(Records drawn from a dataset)
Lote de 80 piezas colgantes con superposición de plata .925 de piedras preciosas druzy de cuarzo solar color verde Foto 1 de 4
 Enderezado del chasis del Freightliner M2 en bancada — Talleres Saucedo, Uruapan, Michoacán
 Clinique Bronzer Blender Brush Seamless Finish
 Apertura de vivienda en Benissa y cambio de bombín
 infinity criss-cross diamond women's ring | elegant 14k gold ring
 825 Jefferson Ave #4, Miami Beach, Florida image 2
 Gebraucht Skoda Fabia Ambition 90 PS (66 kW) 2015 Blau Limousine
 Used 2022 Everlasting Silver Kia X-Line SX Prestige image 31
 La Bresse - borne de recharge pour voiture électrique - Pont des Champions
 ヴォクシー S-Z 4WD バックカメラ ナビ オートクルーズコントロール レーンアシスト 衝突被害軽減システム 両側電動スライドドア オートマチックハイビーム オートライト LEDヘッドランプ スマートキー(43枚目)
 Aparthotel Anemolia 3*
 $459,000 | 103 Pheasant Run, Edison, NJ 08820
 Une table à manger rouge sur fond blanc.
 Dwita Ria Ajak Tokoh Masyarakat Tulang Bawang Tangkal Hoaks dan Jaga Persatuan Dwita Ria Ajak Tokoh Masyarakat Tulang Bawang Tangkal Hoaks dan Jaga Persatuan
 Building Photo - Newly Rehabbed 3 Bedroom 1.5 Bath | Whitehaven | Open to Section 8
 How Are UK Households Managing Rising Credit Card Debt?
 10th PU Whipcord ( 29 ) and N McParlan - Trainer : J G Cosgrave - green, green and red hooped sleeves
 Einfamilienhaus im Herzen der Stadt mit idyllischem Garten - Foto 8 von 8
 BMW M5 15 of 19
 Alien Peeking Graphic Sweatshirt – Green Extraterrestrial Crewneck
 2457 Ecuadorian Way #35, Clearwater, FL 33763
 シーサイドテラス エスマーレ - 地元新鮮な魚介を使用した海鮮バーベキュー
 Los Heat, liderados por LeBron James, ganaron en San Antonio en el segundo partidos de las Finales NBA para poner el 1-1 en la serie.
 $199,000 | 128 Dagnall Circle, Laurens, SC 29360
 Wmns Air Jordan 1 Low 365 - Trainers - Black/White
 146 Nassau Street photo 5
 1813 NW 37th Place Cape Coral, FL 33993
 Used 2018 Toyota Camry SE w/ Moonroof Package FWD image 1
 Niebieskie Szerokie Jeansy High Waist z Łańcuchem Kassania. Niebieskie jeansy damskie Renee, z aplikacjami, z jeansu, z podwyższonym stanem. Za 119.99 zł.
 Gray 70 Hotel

• Problem to solve: When the line with "Used 2022 Everlasting" is reached in the data above, start copying there, and copy each line exactly until the line with "Une table à manger rouge sur fond blanc." has been copied; copy nothing else.

• Response to the task:
 Used 2022 Everlasting Silver Kia X-Line SX Prestige image 31
 La Bresse - borne de recharge pour voiture électrique - Pont des Champions
 ヴォクシー S-Z 4WD バックカメラ ナビ オートクルーズコントロール レーンアシスト 衝突被害軽減システム 両側電動スライドドア オートマチックハイビーム オートライト LEDヘッドランプ スマートキー(43枚目)
 Aparthotel Anemolia 3*
 $459,000 | 103 Pheasant Run, Edison, NJ 08820
 Une table à manger rouge sur fond blanc.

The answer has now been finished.